Babylone menacée par un oléoduc

afp Publié le - Mis à jour le

Planète L'Unesco a demandé à l'Irak de dévier un oléoduc passant sous la ville de Babylone afin de préserver de possibles vestiges, a indiqué vendredi sa directrice générale, Irina Bokova. "J'ai écrit le 1er août au Premier ministre irakien, Nouri Al-Maliki" pour lui demander de "dévier" cet ouvrage "par respect pour l'histoire universelle, mais évidemment pas pour entraver le développement du pays", déclare Mme Bokova, dans un entretien publié par le journal Le Monde.

L'ouvrage a été achevé le 25 mars. Il passe sous la ville qui "est sur la liste indicative du Patrimoine mondial, première étape du processus d'inscription", rappelle Irina Bokova.

L'oléoduc "traverserait des zones non fouillées, risquant d'entraîner la destruction de vestiges inconnus et peut-être importants pour l'histoire de l'humanité", plaide la directrice de l'agence de l'ONU pour l'éducation, la science et la culture.

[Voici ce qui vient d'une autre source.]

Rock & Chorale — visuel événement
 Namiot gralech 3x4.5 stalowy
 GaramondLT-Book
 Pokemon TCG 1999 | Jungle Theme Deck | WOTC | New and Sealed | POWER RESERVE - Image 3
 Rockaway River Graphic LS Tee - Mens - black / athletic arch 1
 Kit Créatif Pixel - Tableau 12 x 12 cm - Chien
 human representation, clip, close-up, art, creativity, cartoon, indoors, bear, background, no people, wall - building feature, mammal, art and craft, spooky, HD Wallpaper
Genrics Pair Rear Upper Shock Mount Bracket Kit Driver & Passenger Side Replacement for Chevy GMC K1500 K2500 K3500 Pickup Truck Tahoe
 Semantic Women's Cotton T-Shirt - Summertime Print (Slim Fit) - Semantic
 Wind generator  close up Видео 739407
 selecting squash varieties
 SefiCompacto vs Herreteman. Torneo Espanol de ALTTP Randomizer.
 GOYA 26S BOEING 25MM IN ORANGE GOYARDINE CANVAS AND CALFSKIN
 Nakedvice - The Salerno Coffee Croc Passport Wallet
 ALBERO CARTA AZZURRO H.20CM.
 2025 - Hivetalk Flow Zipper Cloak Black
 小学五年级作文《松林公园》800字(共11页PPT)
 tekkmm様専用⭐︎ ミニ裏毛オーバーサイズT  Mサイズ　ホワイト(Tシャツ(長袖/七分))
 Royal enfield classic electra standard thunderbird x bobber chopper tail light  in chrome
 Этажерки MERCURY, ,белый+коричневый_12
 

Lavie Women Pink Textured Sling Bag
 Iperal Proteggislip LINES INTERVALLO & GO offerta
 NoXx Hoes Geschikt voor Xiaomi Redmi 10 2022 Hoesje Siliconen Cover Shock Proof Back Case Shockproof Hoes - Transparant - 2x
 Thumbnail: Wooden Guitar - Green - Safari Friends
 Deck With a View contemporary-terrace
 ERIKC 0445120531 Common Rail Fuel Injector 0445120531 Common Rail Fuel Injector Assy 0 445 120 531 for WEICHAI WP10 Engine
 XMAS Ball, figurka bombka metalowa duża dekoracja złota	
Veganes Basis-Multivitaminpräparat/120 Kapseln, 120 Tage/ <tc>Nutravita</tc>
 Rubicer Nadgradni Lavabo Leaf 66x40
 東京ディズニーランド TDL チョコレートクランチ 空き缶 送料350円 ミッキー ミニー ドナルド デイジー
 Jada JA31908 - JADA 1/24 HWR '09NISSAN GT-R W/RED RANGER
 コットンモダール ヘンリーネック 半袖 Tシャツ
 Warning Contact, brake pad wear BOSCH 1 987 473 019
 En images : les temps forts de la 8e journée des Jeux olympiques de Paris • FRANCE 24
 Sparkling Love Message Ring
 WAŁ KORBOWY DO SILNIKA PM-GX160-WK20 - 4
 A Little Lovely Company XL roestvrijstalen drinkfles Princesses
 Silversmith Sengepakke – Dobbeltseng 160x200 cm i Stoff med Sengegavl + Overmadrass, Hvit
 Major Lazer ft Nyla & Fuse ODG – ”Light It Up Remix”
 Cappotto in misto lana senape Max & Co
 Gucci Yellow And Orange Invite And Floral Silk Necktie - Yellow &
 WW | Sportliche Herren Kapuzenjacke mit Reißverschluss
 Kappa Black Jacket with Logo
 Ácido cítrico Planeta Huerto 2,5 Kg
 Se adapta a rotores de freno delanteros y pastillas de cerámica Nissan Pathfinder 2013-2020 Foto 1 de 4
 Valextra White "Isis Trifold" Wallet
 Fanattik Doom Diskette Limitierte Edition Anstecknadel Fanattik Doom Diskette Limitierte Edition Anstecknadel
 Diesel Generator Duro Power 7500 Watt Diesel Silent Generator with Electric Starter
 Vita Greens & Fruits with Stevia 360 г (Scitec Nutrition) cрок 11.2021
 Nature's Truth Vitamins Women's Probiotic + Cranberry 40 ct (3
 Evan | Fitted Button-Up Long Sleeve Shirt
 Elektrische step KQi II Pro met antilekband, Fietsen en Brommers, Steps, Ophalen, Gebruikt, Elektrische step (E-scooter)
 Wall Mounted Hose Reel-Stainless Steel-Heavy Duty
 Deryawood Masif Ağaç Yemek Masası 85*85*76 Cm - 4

Babylone est la capitale de l'ancienne Mésopotamie dont les premières traces remontent au IIIe millénaire avant Jésus-Christ. Le site est considéré comme l'un des berceaux de l'humanité avec ses ruines sumériennes (4.500 à 2.500 avant JC). Y trône, entre autres, la statue du lion de Babylone, un des symboles nationaux.

Lors de la construction de l'oléoduc, entre le sud du pays et Bagdad, les autorités irakiennes avaient fait valoir que ce "projet stratégique" était réalisé sur des terres dépendant du ministère du Pétrole et que deux oéloducs existaient déjà depuis plus de trente ans dans la région.